Goal of the exercise
Please report how many lines of the data include the word "Brown", with the number as the entire reply.

Exercise material
··········

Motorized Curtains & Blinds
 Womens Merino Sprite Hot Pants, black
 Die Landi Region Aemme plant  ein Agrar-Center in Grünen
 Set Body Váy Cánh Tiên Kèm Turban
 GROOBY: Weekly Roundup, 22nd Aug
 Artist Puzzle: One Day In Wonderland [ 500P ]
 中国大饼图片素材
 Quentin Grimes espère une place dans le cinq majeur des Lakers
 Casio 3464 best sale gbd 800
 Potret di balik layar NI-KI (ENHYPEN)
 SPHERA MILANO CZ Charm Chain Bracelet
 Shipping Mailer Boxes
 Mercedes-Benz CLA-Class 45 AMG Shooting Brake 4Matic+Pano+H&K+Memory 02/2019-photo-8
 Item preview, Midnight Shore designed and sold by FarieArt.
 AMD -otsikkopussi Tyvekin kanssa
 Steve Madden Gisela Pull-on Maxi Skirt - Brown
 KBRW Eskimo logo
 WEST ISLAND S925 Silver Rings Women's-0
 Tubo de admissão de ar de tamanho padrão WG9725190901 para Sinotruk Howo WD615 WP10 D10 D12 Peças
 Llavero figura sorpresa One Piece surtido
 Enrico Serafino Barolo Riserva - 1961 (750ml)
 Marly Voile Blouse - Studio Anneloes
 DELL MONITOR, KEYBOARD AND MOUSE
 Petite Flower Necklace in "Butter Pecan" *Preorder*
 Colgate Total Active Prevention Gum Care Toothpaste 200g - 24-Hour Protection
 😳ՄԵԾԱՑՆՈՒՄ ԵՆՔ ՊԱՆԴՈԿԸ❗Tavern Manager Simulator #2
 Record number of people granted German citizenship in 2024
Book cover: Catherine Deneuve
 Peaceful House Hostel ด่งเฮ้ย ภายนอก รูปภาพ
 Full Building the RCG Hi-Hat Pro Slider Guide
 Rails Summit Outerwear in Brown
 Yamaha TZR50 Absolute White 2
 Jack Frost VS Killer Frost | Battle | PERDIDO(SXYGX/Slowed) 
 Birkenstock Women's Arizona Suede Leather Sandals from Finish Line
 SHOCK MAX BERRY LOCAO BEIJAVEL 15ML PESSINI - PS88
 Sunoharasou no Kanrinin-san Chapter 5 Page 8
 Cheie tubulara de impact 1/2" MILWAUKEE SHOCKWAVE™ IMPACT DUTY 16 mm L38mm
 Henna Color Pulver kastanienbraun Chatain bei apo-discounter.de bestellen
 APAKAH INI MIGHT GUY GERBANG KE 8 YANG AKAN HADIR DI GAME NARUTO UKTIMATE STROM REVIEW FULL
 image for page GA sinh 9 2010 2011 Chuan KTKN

··········

Response
2